Forget everything you've ever been brainwashed into believing regarding the importance of spending lots of money on dates. You are impressing nobody by dropping a lot of cash. Instead, you may actually be demonstrating desperation by doing so, if not a downright lack of self-esteem by trying to "buy" someone's affection rather than counting on your own personal charm and giftedness to do the trick.

You've long ago figured out that you are attractive in your own right without having to prop yourself up artificially. So now it's time to live as if you truly believe it. You do not have to spend a lot of money on expensive dinners, lofty bar bills and/or any other such costly entertainment schemes.

In fact, the more natural the setting is the freer you and your date both are to act more like yourselves without any pretense.

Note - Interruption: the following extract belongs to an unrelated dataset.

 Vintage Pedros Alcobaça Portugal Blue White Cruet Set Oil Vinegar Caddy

This translates into a more honest opportunity for evaluation and generally, I might add, a more enjoyable date.

My rule of thumb for planning dates with someone I had a proven interest in was to build the time together around something that I was already planning to do anyway. I happen to enjoy eating out at restaurants, so I had no qualms whatsoever about taking a woman out to eat. After all, if there is a restaurant I'd like to try I would enjoy trying it in the company of someone I like even more, right?

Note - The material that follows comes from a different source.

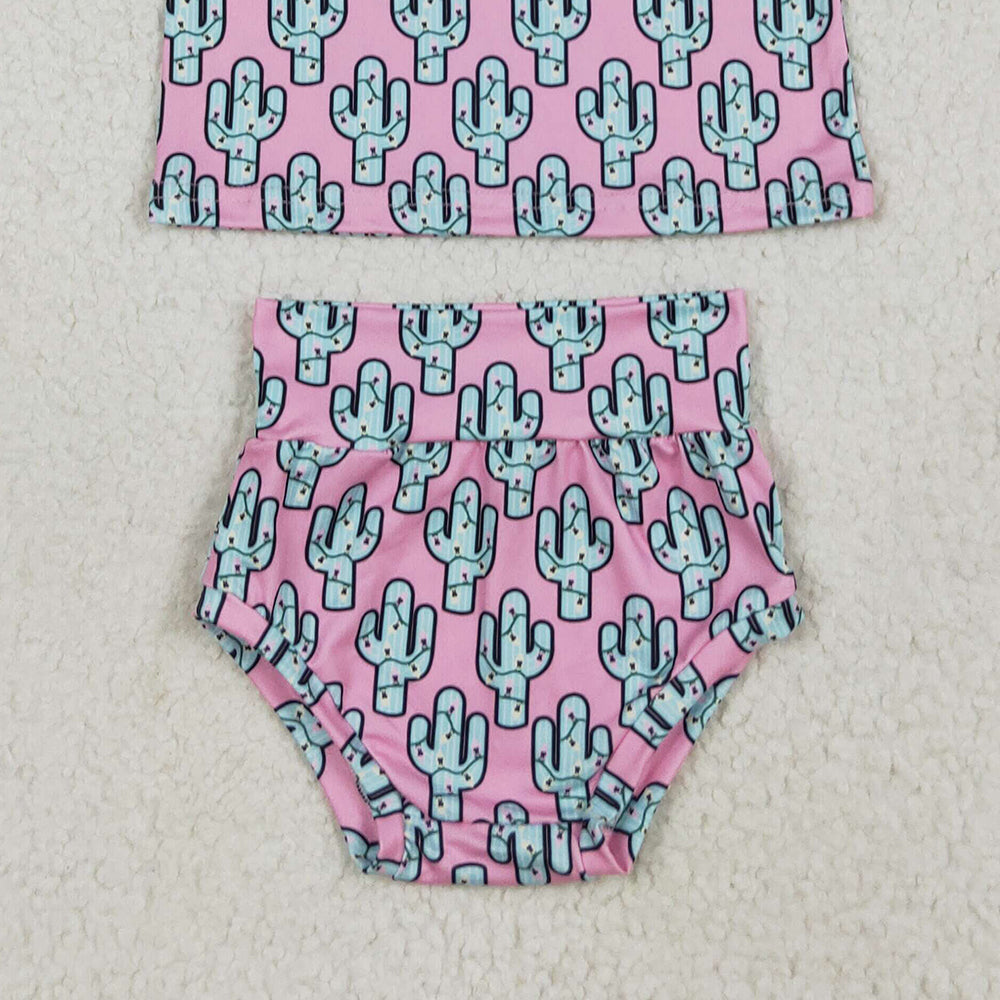 GBO0446 RTS NO MOQ Baby Girls Summer Outfits Baby Girls Pink Cactus Shirts Top Bummies Clothes Sets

But successful "real dates", for lack of a better description, can be so even if taking someone along with you to perform the everyday tasks of life. I once had an incredible date with a woman whom I took furniture shopping with me. I told her I valued a woman's opinion on the matter and that I would like for her to join me. She was thrilled to do so, and we had a great time. Since my interest level in this woman was high, we shared lunch afterward and spent the afternoon together. But it's important to note that there was no high-pressure "agenda" on the date itself. The entire day flowed naturally based on mutual chemistry. Isn't that how it should be?

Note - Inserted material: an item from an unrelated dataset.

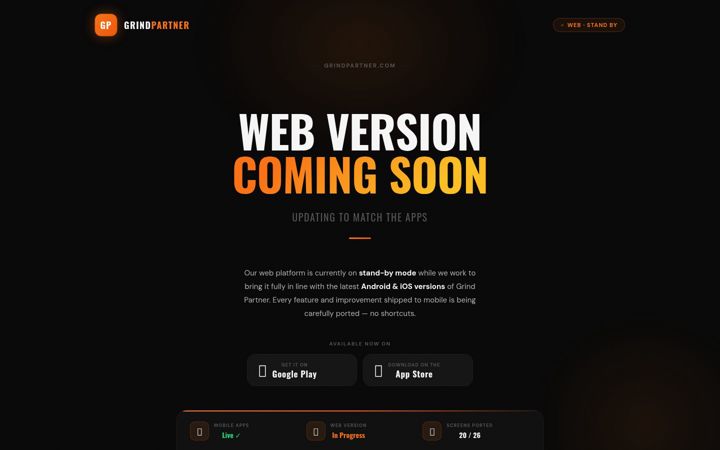 Captura de ecrã de grindpartner.com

On another day I decided to get out of the house for a couple of hours on a Saturday morning prior to plans I had with a group of 20-30 friends of both genders that afternoon. I chose to share a late breakfast with a woman whom I had seen a couple of times previously and ended up truly enjoying our time together. Based on how breakfast went, I suggested she join me for the get together my friends were having that afternoon. We had great conversation throughout the hour drive there and back, and she had a great time at the get together. So overall, we had a terrific day sharing each other's company.

The most crucial takeaway from that story as it pertains to this discussion, however, remains the point that I was going to hang out with my friends ANYWAY that day. Taking my female friend with me was a bonus. And it was an excellent demonstration of the brand of efficiency we have been discussing for the past two sections. The elegance in scheduling combined with the concept of very low financial expenditure had no detrimental effect on our attraction level to one another whatsoever. In fact, the quality of the conversation together in the car combined with her visibility into the fact that I had lots of real friends contributed to her increase in interest level towards me. And I found myself more attracted to her as well by the end of the day.

And that, my friends, is what it is all about.

If you have virtually unlimited financial means and can spend money without the appearance of attempting to "buy" someone's affection, by all means don't let me stop you from doing so. But knowing that dating is a potentially costly sport when spinning out of control, my desire is to free you from any socially-imposed (and misguided) tradition that states that you MUST spend a lot of money to "impress" a date. You most certainly do not. Make this thought process your own and forever banish financial concerns from your dating life.